Like Grant, in 1916, Wilson used his summer retreat to avoid the stump when standing for re-election. He held the formal notification ceremony celebrating his nomination standing on one of Shadow Lawn’s balconies – nominees only accepted the nomination at the convention after Franklin Roosevelt set the precedent in 1932. “Bad taste is always bad judgment,” Wilson insisted, explaining his no-active campaign strategy, adding “There’s a lot of work going on that I have altogether too little time to attend to.”  Herein, Wilson linked the traditional notion of presidential dignity with the more modern presidential work ethic.

It was a bitter campaign. Ex-President Theodore Roosevelt mocked the President for failing to avenge the deaths of 123 Americans killed by Germans during submarine warfare (that ultimately led Wilson to enter World War I a year later). “There should be shadows at Shadow Lawn,” Roosevelt sneered; “the shadows of the men, women and children who have risen from the ooze of the ocean bottom and from graves in foreign lands; the shadows of the helpless whom Mr. Wilson did not dare protect lest he might have to face danger; the shadows of babies gasping pitifully as they sank under the waves…. Those are the shadows proper for Shadow Lawn; the shadows of deeds that were never done; the shadows of lofty words that were followed by no action; the shadows of the tortured dead.”

The contest with the Republican candidate Charles Evans Hughes was so close, that Wilson went to sleep in Shadow Lawn on Election Night convinced he had lost the race. Despite that brush with history, Wilson’s proposal to Congress that Shadow Lawn become the official Summer White House failed.

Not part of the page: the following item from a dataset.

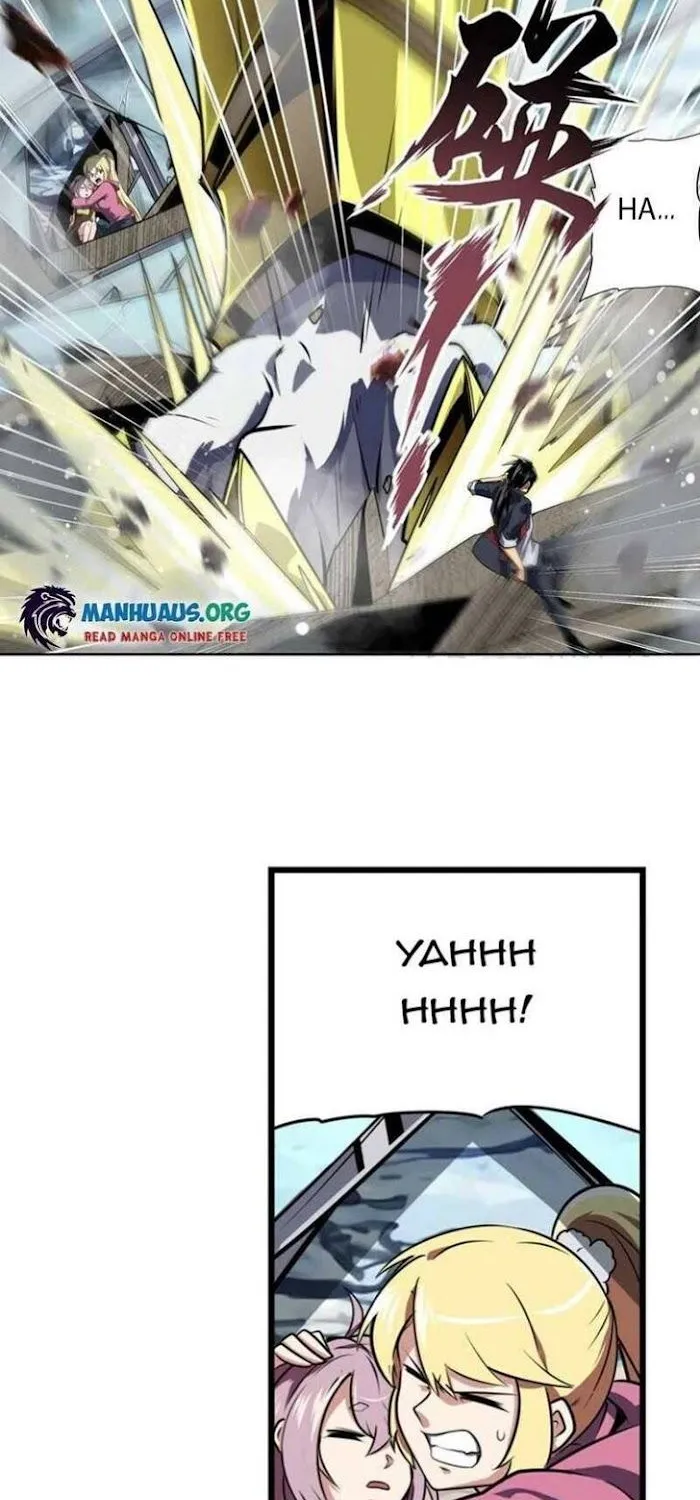Hero? I Quit A Long Time Ago. Zinmanga X Chapter 364 Page 41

This level of detail we know, and the intensity of emotions evoked regarding these summer homes reveals one lesson Donald Trump has mastered. The man who made a real estate career making drab buildings monumental now occupies the one other job in America with a similar iconic Midas-like touch. If everything the mythical Greek king touched turned to gold, everything the American president touch turns historic. So the man with the capital Fs First Family, working in the capital Os Oval Office, is definitely going to enjoy making Trump National Golf Club, The Summer White House, capital T, S, W, and H.

But there’s a deeper lesson Trump hasn’t comprehended. The power of presidential touch comes from the president’s transcendental role as the symbol of national unity, the arbiter of national dignity. Celebrities also make place they visit famous. But Trump’s predecessors understood how to convey greatness not just prominence, evoking high ideals not low commercial motives. In their non-prime-ministerial, less political, moments presidents remind us of the big ideas that bring us together, not just the massive egos that can rip us apart.  Even while enjoying some necessary downtime, Trump should spend his vacation learning how to be that kind of national leader.